During the visit, Sum also showed aid workers the parched rice fields that surround Ta Moeun village, but they did not inspect the irrrigation system.

He said that while he hoped the recent assistance would prevent more deaths this year, the NGO supplies are just keeping disaster at bay until a functioning irrigation system can give them the means to be self-sufficient.

The drought this year was one of the worst in memory, Sum said, and the rainfall in November and December will decide if there will be rice for the villagers to harvest next year.

The response from the government took a different tack, with Prime Minister Hun Sen denying that the deaths had been a direct result of starvation and accusing the media and NGOs of exaggerating the situation.

"What can we do if someone is sick, cannot eat and dies?" Hun Sen said to local media on September 23, while inspecting an irrigation project in Kampong Speu.

Three of the five men who died were elderly - aged 77, 82 and 85 - and one was said to have been terminally ill. Another man, Yem Onn, 66, was heard asking for a bowl of rice hours before he died, but his wife was unable to find any.

Various reasons have been given for the suicide of 13-year-old Kin Lin.

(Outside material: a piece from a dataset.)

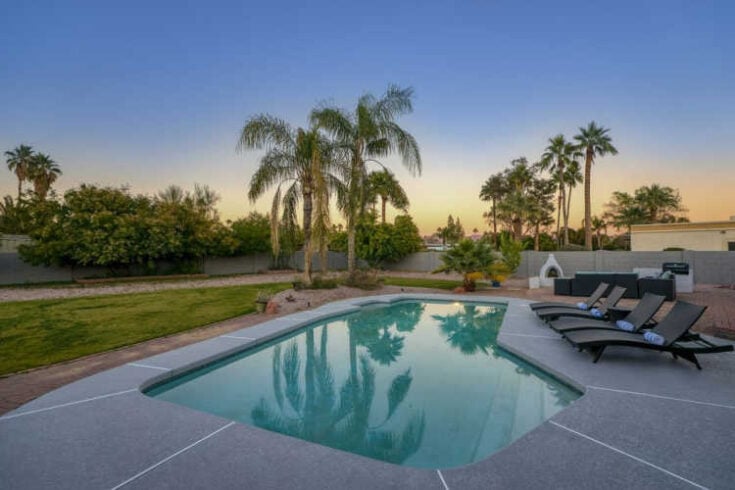 Scottsdale rental for large group-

Lin's aunt, who found his body, told the Post Lin was upset after a piece of dried fish had disappeared under his supervision and that he hanged himself out of shame over losing some of the family's meager supply of food. Other villagers, however, said Lin had been depressed, was having trouble at school and that the suicide had little or nothing to do with food.

Thomas Keusters, country director of the UN World Food Programme, said the nationwide problem of inadequate nutrition is more pronounced in Boset district, but that the appropriate term for the situation would be food crisis, rather than starvation.

Keusters said no irrigation projects were scheduled for Ta Moeun commune, but that the coming weeks would see more food donations to selected households.

"We know the situation is not good and irrigation projects are one of our priorities for the resumption of the Food for Work project," Keusters said.